• [Exercise data]
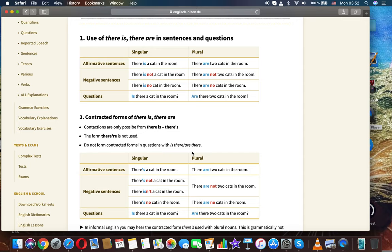Negative sentences. There is not a cat in the room. There are not two cats in the room. There is no cat in the room. There are no cats in the room.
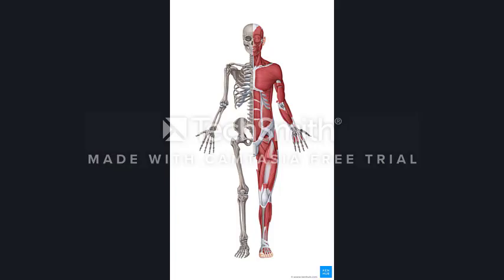Hi Year 11. This video is designed to go over the structure of the skeleton, bones and cartilage, and give you more of an insight into what bone is actually made of and how it does some of the things that it does.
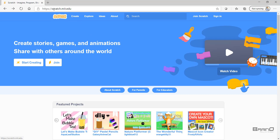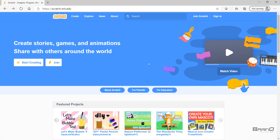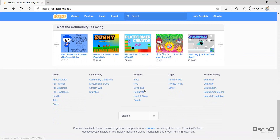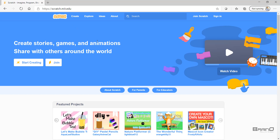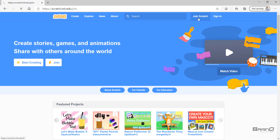To start with Scratch, you can simply open scratch.mit.edu on your browser, or you can also download it on your PC or laptop using the download link here. You can download it on your Windows laptop, on your Mac, or on your tablets. Scratch is completely free.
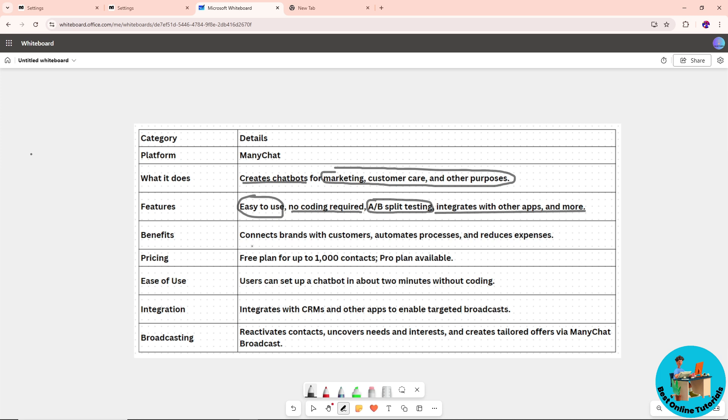The benefits of using ManyChat: it connects brands with customers, automates the process, and reduces business expenses.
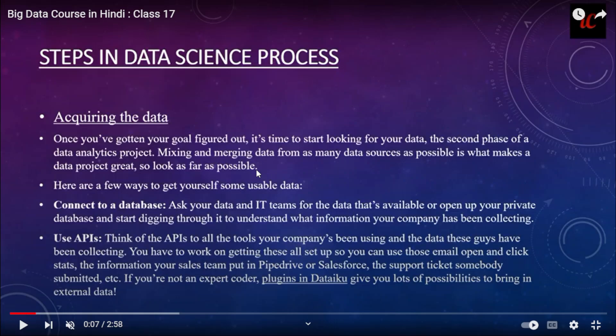There are many data sources available, so you have to see which data is possible for you. Here are a few ways to get yourself some usable data. The first way is to connect to the database, so you will be able to see what things are necessary and available in your private database.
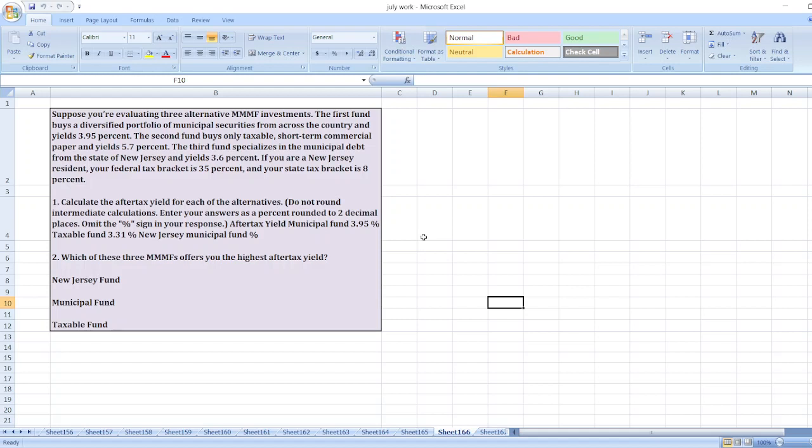Second, which of these three MMMF offers you the highest after-tax yield? New Jersey fund, municipal fund, or taxable fund?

• [Exercise directions]
Could you set down the records above word for word, without any of the pictures?

• [Answer section]
Negative sentences. There is not a cat in the room. There are not two cats in the room. There is no cat in the room. There are no cats in the room.
Hi Year 11. This video is designed to go over the structure of the skeleton, bones and cartilage, and give you more of an insight into what bone is actually made of and how it does some of the things that it does.
To start with Scratch, you can simply open scratch.mit.edu on your browser, or you can also download it on your PC or laptop using the download link here. You can download it on your Windows laptop, on your Mac, or on your tablets. Scratch is completely free.
The benefits of using ManyChat: it connects brands with customers, automates the process, and reduces business expenses.
There are many data sources available, so you have to see which data is possible for you. Here are a few ways to get yourself some usable data. The first way is to connect to the database, so you will be able to see what things are necessary and available in your private database.
Second, which of these three MMMF offers you the highest after-tax yield? New Jersey fund, municipal fund, or taxable fund?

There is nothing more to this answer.